▸ TASK DESCRIPTION
Below are records to be repeated exactly. Leave their pictures behind.

▽

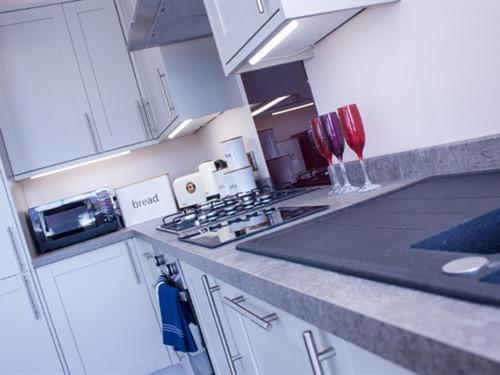 Lux Aparts Wakefield Central Екстериор снимка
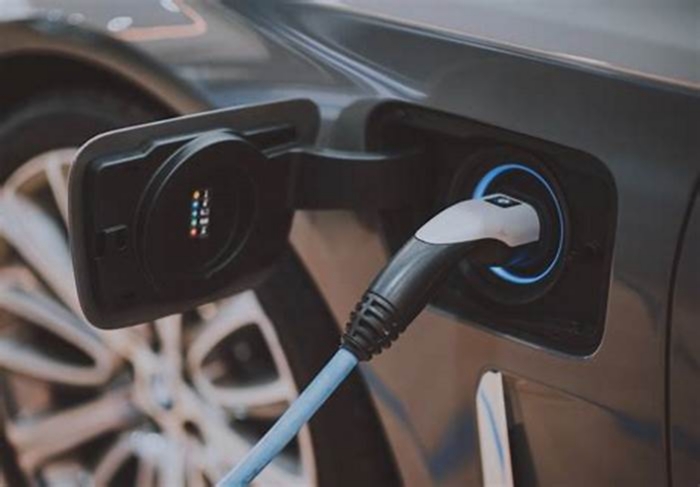 Choosing the Right EV: Factors to Consider When Buying an Electric Vehicle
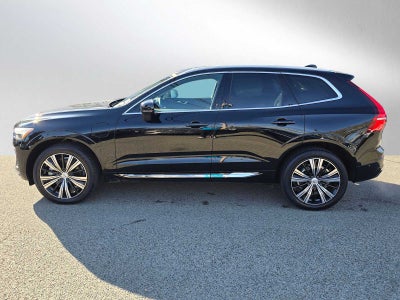 2023 Volvo XC60 Recharge Plug-In Hybrid Ultimate Bright Theme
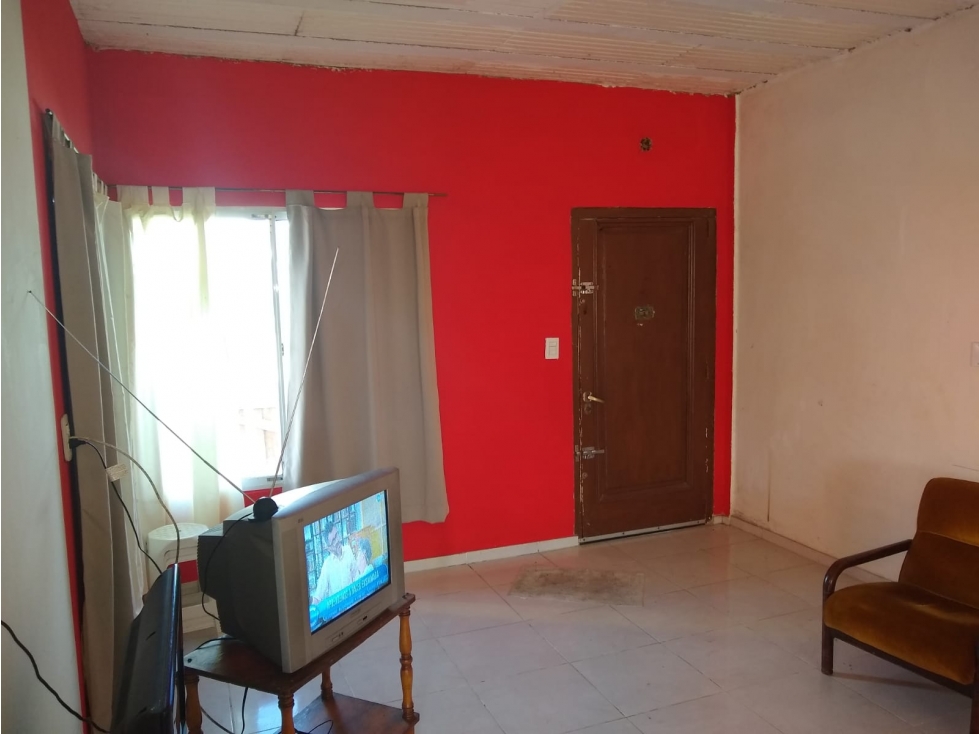 LATORRE PROP. VENDE CASA EN BARRIO SANTA ELENA - A METROS DEL MAR — foto 2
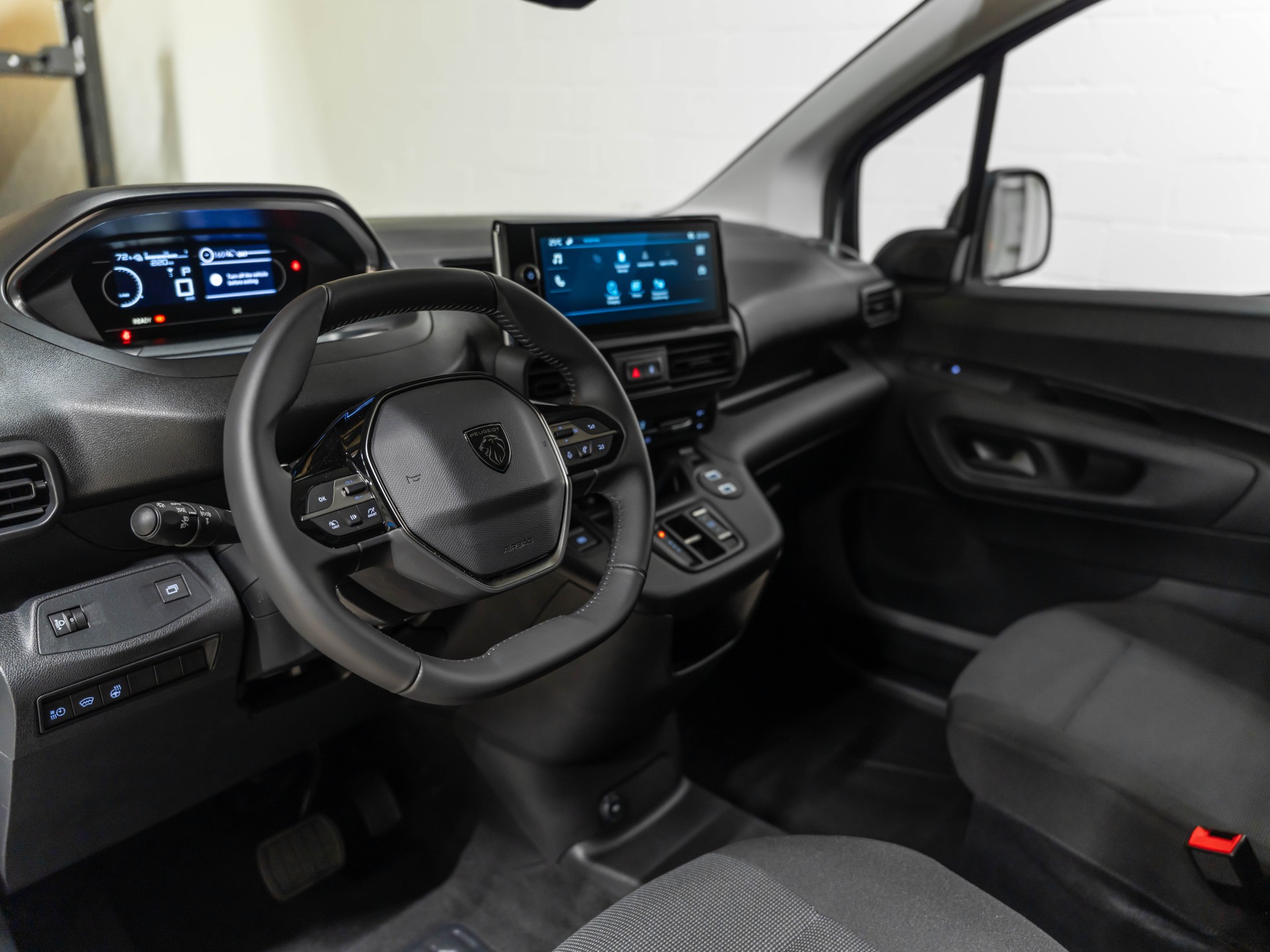 PEUGEOT e-Partner Long 50kWh Premium-image-28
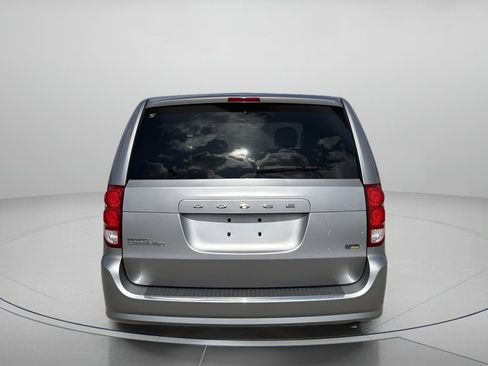 Used 2016 Dodge Grand Caravan SE FWD image 4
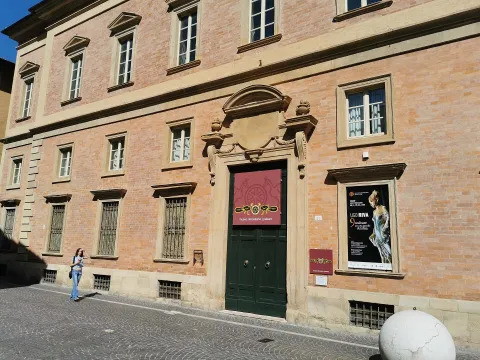 Facciata di Palazzo Mosca, sede dei Musei Civici a Pesaro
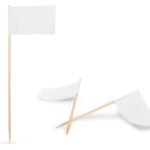 Piques avec drapeaux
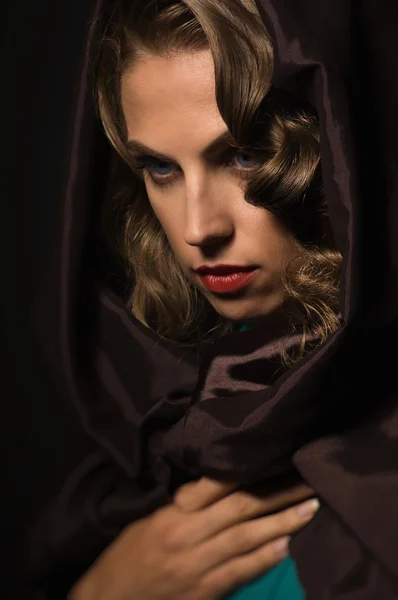 Güzel bir kadın bir Hood — Stok fotoğraf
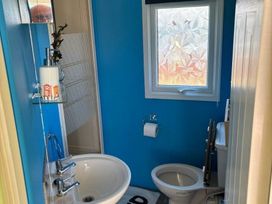 Seaview Caravan Park - Holiday Accommodation 17141 - Lincolnshire - 1186224 - thumbnail photo 6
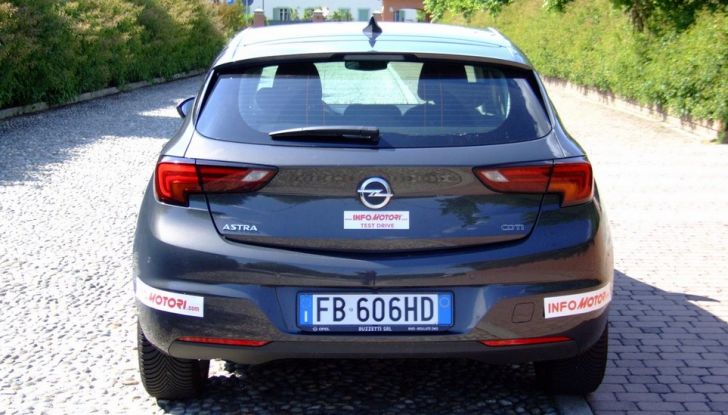 Opel Astra 1.6 CDTI Innovation: prova su strada, consumi e prezzi - Foto 22 di 25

△

▸ OUTPUT FOR THIS TASK
 Lux Aparts Wakefield Central Екстериор снимка
 Choosing the Right EV: Factors to Consider When Buying an Electric Vehicle
 2023 Volvo XC60 Recharge Plug-In Hybrid Ultimate Bright Theme
 LATORRE PROP. VENDE CASA EN BARRIO SANTA ELENA - A METROS DEL MAR — foto 2
 PEUGEOT e-Partner Long 50kWh Premium-image-28
 Used 2016 Dodge Grand Caravan SE FWD image 4
 Facciata di Palazzo Mosca, sede dei Musei Civici a Pesaro
 Piques avec drapeaux
 Güzel bir kadın bir Hood — Stok fotoğraf
 Seaview Caravan Park - Holiday Accommodation 17141 - Lincolnshire - 1186224 - thumbnail photo 6
 Opel Astra 1.6 CDTI Innovation: prova su strada, consumi e prezzi - Foto 22 di 25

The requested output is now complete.